Of course, as a co-operative, First Milk not only faces the demands of UK consumers but also its members, the farmers that supply the business with milk. Notably, its increase in annual profits was also achieved at the same time as the company upped the price it pays its members for milk.
“We’ve increased the milk price slowly … a couple of small steps on a regular basis,” Hollingdale told just-food. “We’ve made more profit and we’ve invested more money internally in terms of new equipment and acquisitions. So we’re in a good circle at the moment in terms of investment.”
The healthy financial results and the success in upping prices to farmers have come in what are, for many food manufacturers in the UK, some of the most difficult trading conditions in years. Battling the twin pressures of cost and weak consumer confidence is an issue for all in the industry.
“Costs are going up,” Hollingdale says, taking a swig of water. “We have to pay more for milk. Farm costs are going up, our costs are going up so we’ve just got to be more efficient in what we do. Be less complex. And margins are being squeezed for both the farm, the food manufacturer and the retailer. But there is inflation going into the food market ahead of volume growth and this year will be a tough year. I don’t think anyone thought it would be as tough as it is.”
According to a study published this month by SymphonyIRI, in the first quarter of 2011, manufacturers used promotions more to protect sales and profits amid what it called a “consumer recession”. In the UK, SymphonyIRI claimed, over 50% of FMCG products were sold on deal during the first quarter.
Hollingdale argues that the UK cheese category is one in which promotions will always be used by retailers to drive sales.
“Value has become a bigger part of all food categories in the last two years and the percentage of every category that is sold on promotion is going up,” he says. “A lot of categories will be up to 80% [sold on promotion] and those will be the big volume-driving categories, so products like cheese, which is in 99% of fridges. It’s a big volume puller for a retailer, so they will always promote. And Cheddar is 50% of the total cheese category, so, by default, Cheddar is going to be promoted because it’s an everyday product.”
He adds: “Given that that consumer is looking for value and the retailer wants to deliver value, cheese is one of the core categories that they will promote. Probably more than they should but that’s their call. It’s going to be very difficult for most categories to come away from such high levels of activity. The only thing that will stop that is when products become in short supply.”
Trading in the UK is difficult but some in the industry would argue it was ever thus. UK dairy companies are starting to look outside their domestic market more. Last month, Neil Kennedy, the chief executive of First Milk rival Milk Link, told just-food that his company wanted to become a more international business.
And Hollingdale believes that future profits for both the dairy farmer and manufacturers lies in export markets.

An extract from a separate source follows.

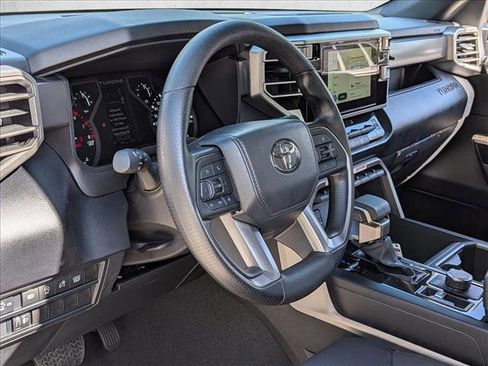 New 2025 Toyota Tundra SR5 AWD/4WD image 3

“Dairy commodities is a balance,” he says. “International buyers are willing to pay higher prices than buyers in the UK. More product will go out of the UK and, if you look at cheese, exports are rising at a very fast rate because the international market is willing to pay a higher price. That is a challenge to the big players in the UK. You can’t fight the market dynamics. Over time, you will go to where the market pays.”
Hollingdale says First Milk hopes to end up with around 20% of its total business in international markets. Currently, this is between 5% to 10%. In April, First Milk struck a deal with dairy exporter Eilers & Wheeler, which is shipping the co-op’s cheese to markets into Europe and further afield to the Middle East and Japan.
“We’re also acting as a broker for them, so if anyone wants milk powder, we’re buying milk off the British market, converting it to powder and then they’re selling it. They are returning a higher price than what the standard UK milk price is.”
International markets may also play a factor in First Milk’s M&A ambitions.
Last month, First Milk acquired two Scotland-based cheese makers – Kingdom Cheese and Kingdom Dairies – for an undisclosed sum. The company said the deals would allow it to expand the portfolio of products that it offers its customers. Hollingdale, however, says First Milk would not limit itself to buying businesses in the UK
“At the moment we are UK-based but we will go international if an acquisition facilitates that and it’s right,” Hollingdale explains, stressing the importance of any firm having an international presence. “You have to have an international presence, whether that’s owning a business internationally or working in an international market.”
Looking ahead, Hollingdale sees First Milk as having “a more diverse product base” and being “very focused on long-term projects that are commercially sustainable” in the future.
“We need to work with the industry in order to have a sustainable dairy industry. Whether that’s all about milk price or whether it’s about investment, with the farmers returning a dividend to the capital that they have invested,” he says.
“In five years time we want to have a more diverse product base, working in international markets, but clearly on sustainable, long-term adding value projects. And we will be bigger than what we are now. Not so that big is best, but big enough to allow us to diversify what we do.”